In the language of the Akan people of West Africa, “Sankofa” translates to, “to reach back and get it.” Sankofa, then, stands for the idea that for a community to actualize a positive collective future, it must learn from and be informed by its past. I leveraged this principle to name the framework for social reform I proposed because I believe social transformation for Black communities will only be achieved once people, politicians and public policy-makers of all walks realize that Black people tend to experience better outcomes the more they have authority, ownership and control over the systems and circumstances that impact their lives. In my talk, I recalled the slogan popularized by the global disability rights movement, “nothing about us, without us”, as a way to capture the spirit of the Sankofa framework for social reform.

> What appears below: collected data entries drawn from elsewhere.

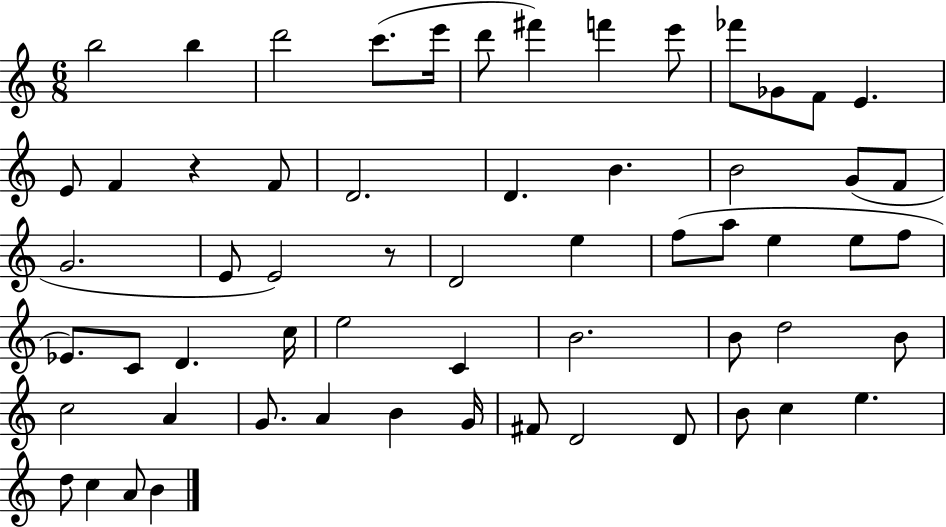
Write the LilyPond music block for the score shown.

{
  \clef treble
  \numericTimeSignature
  \time 6/8
  \key c \major
  b''2 b''4 | d'''2 c'''8.( e'''16 | d'''8 fis'''4) f'''4 e'''8 | fes'''8 ges'8 f'8 e'4. | \break e'8 f'4 r4 f'8 | d'2. | d'4. b'4. | b'2 g'8( f'8 | \break g'2. | e'8 e'2) r8 | d'2 e''4 | f''8( a''8 e''4 e''8 f''8 | \break ees'8.) c'8 d'4. c''16 | e''2 c'4 | b'2. | b'8 d''2 b'8 | \break c''2 a'4 | g'8. a'4 b'4 g'16 | fis'8 d'2 d'8 | b'8 c''4 e''4. | \break d''8 c''4 a'8 b'4 | \bar "|."
} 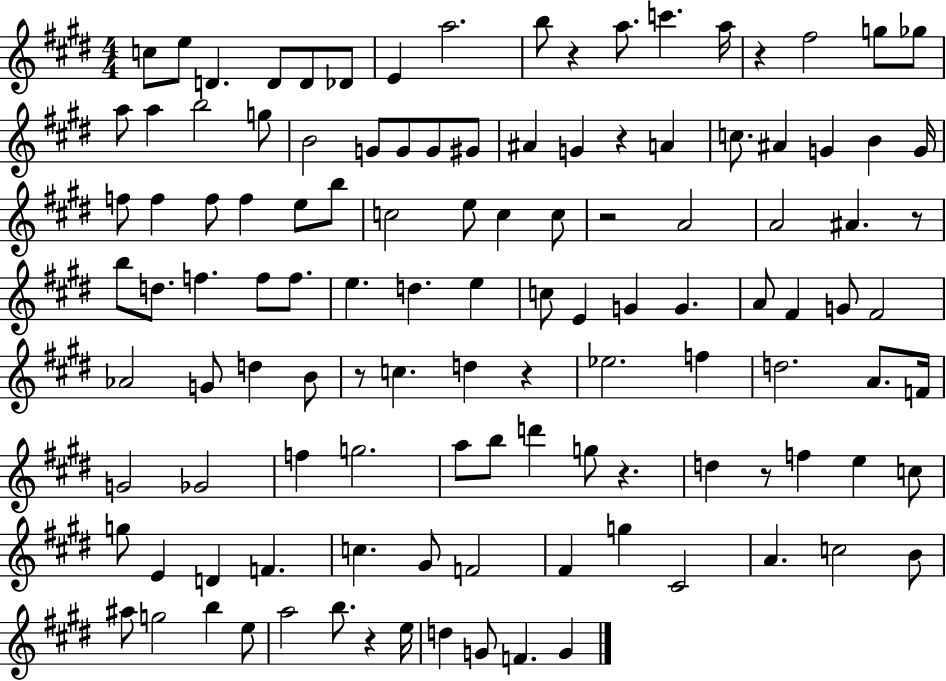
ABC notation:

X:1
T:Untitled
M:4/4
L:1/4
K:E
c/2 e/2 D D/2 D/2 _D/2 E a2 b/2 z a/2 c' a/4 z ^f2 g/2 _g/2 a/2 a b2 g/2 B2 G/2 G/2 G/2 ^G/2 ^A G z A c/2 ^A G B G/4 f/2 f f/2 f e/2 b/2 c2 e/2 c c/2 z2 A2 A2 ^A z/2 b/2 d/2 f f/2 f/2 e d e c/2 E G G A/2 ^F G/2 ^F2 _A2 G/2 d B/2 z/2 c d z _e2 f d2 A/2 F/4 G2 _G2 f g2 a/2 b/2 d' g/2 z d z/2 f e c/2 g/2 E D F c ^G/2 F2 ^F g ^C2 A c2 B/2 ^a/2 g2 b e/2 a2 b/2 z e/4 d G/2 F G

The Sankofa can be broken down into two parts. The first calls for identifying and dismantling government policies and practices that have perpetuated anti-Black racism. Sankofa encourages a practice of taking what’s been learned from failed approaches to ultimately reimagine and reconstruct laws, policies, practices, institutions and systems of social well-being. The second part of the Sankofa framework is solutions-focused: it calls for us to prioritize culturally-responsive solutions that are developed by Black people for Black people.

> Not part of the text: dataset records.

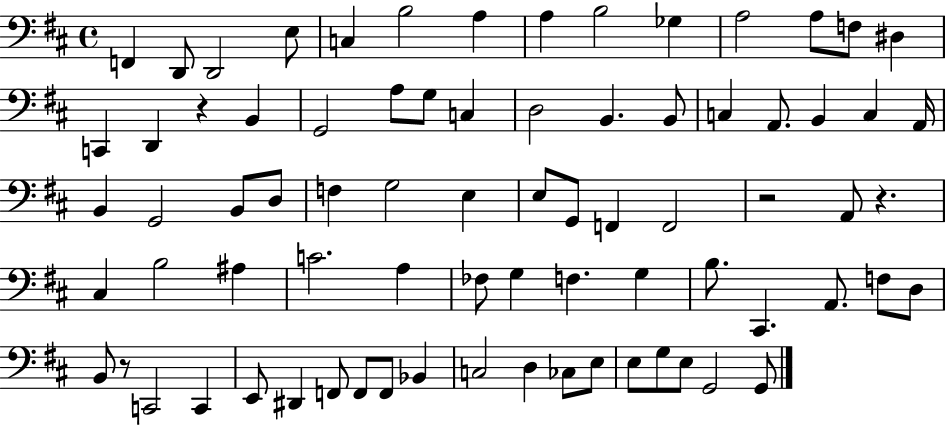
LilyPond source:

{
  \clef bass
  \time 4/4
  \defaultTimeSignature
  \key d \major
  f,4 d,8 d,2 e8 | c4 b2 a4 | a4 b2 ges4 | a2 a8 f8 dis4 | \break c,4 d,4 r4 b,4 | g,2 a8 g8 c4 | d2 b,4. b,8 | c4 a,8. b,4 c4 a,16 | \break b,4 g,2 b,8 d8 | f4 g2 e4 | e8 g,8 f,4 f,2 | r2 a,8 r4. | \break cis4 b2 ais4 | c'2. a4 | fes8 g4 f4. g4 | b8. cis,4. a,8. f8 d8 | \break b,8 r8 c,2 c,4 | e,8 dis,4 f,8 f,8 f,8 bes,4 | c2 d4 ces8 e8 | e8 g8 e8 g,2 g,8 | \break \bar "|."
} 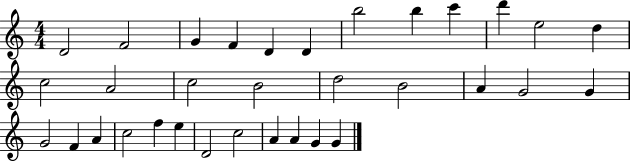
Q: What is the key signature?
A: C major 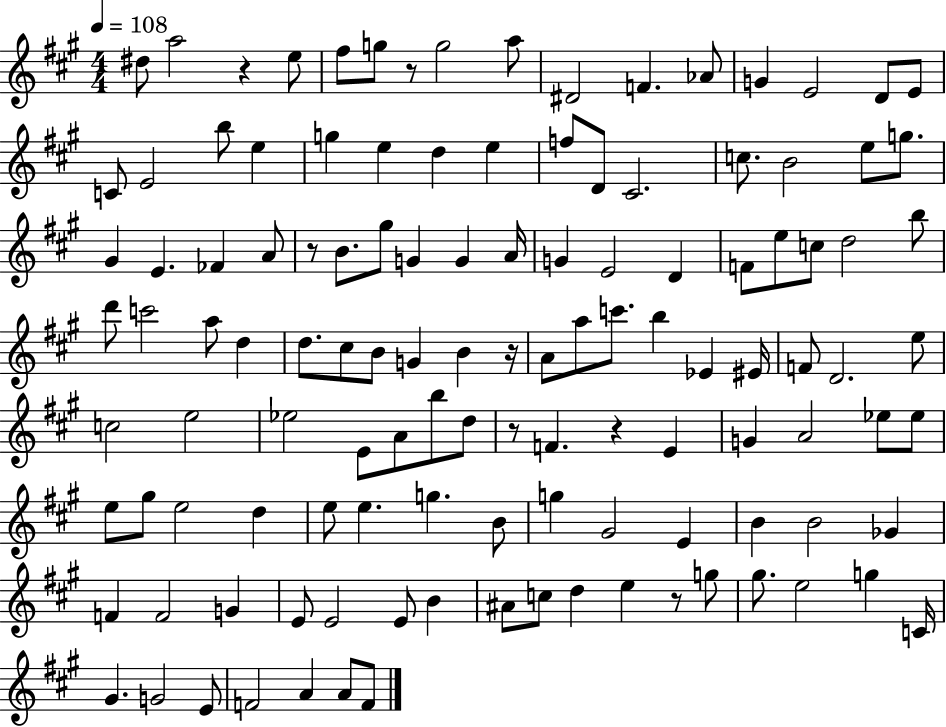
{
  \clef treble
  \numericTimeSignature
  \time 4/4
  \key a \major
  \tempo 4 = 108
  dis''8 a''2 r4 e''8 | fis''8 g''8 r8 g''2 a''8 | dis'2 f'4. aes'8 | g'4 e'2 d'8 e'8 | \break c'8 e'2 b''8 e''4 | g''4 e''4 d''4 e''4 | f''8 d'8 cis'2. | c''8. b'2 e''8 g''8. | \break gis'4 e'4. fes'4 a'8 | r8 b'8. gis''8 g'4 g'4 a'16 | g'4 e'2 d'4 | f'8 e''8 c''8 d''2 b''8 | \break d'''8 c'''2 a''8 d''4 | d''8. cis''8 b'8 g'4 b'4 r16 | a'8 a''8 c'''8. b''4 ees'4 eis'16 | f'8 d'2. e''8 | \break c''2 e''2 | ees''2 e'8 a'8 b''8 d''8 | r8 f'4. r4 e'4 | g'4 a'2 ees''8 ees''8 | \break e''8 gis''8 e''2 d''4 | e''8 e''4. g''4. b'8 | g''4 gis'2 e'4 | b'4 b'2 ges'4 | \break f'4 f'2 g'4 | e'8 e'2 e'8 b'4 | ais'8 c''8 d''4 e''4 r8 g''8 | gis''8. e''2 g''4 c'16 | \break gis'4. g'2 e'8 | f'2 a'4 a'8 f'8 | \bar "|."
}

In my original pre-pandemic talk, I focused this change on being fostered and facilitated by reallocating public funds that currently go into policing to institutions that support community well-being for Black residents in the areas employment, entrepreneurship, education, housing, health care, child care, arts, culture and leisure. I argued that these broader services get to the root of effectively lowering crime and violence in a way that putting more cops in communities never will.

I now believe that the Sankofa framework for social reform could be used to support the development and delivery of a nationally integrated, intergovernmental COVID-19 response and recovery strategy that is conceived and directed by community members and experts from Canada’s diverse Black communities.

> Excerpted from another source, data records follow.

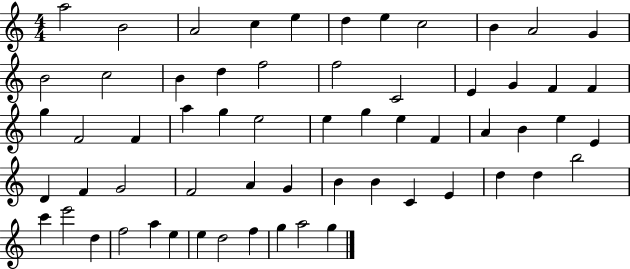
{
  \clef treble
  \numericTimeSignature
  \time 4/4
  \key c \major
  a''2 b'2 | a'2 c''4 e''4 | d''4 e''4 c''2 | b'4 a'2 g'4 | \break b'2 c''2 | b'4 d''4 f''2 | f''2 c'2 | e'4 g'4 f'4 f'4 | \break g''4 f'2 f'4 | a''4 g''4 e''2 | e''4 g''4 e''4 f'4 | a'4 b'4 e''4 e'4 | \break d'4 f'4 g'2 | f'2 a'4 g'4 | b'4 b'4 c'4 e'4 | d''4 d''4 b''2 | \break c'''4 e'''2 d''4 | f''2 a''4 e''4 | e''4 d''2 f''4 | g''4 a''2 g''4 | \break \bar "|."
}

Having offices of African Canadian affairs at the federal level and across provinces would serve to better support Black communities through this punishing pandemic. It would also advance the creation of stronger and long-overdue institutions of government focused on how to best support the community well-being of Black people in Canada, which was already chronically compromised for decades before the pandemic. In sum, the Sankofa framework for social reform that I’ve proposed can help guide politicians and policy-makers towards solutions that don’t just work for Black communities impacted by COVID-19, but work with them.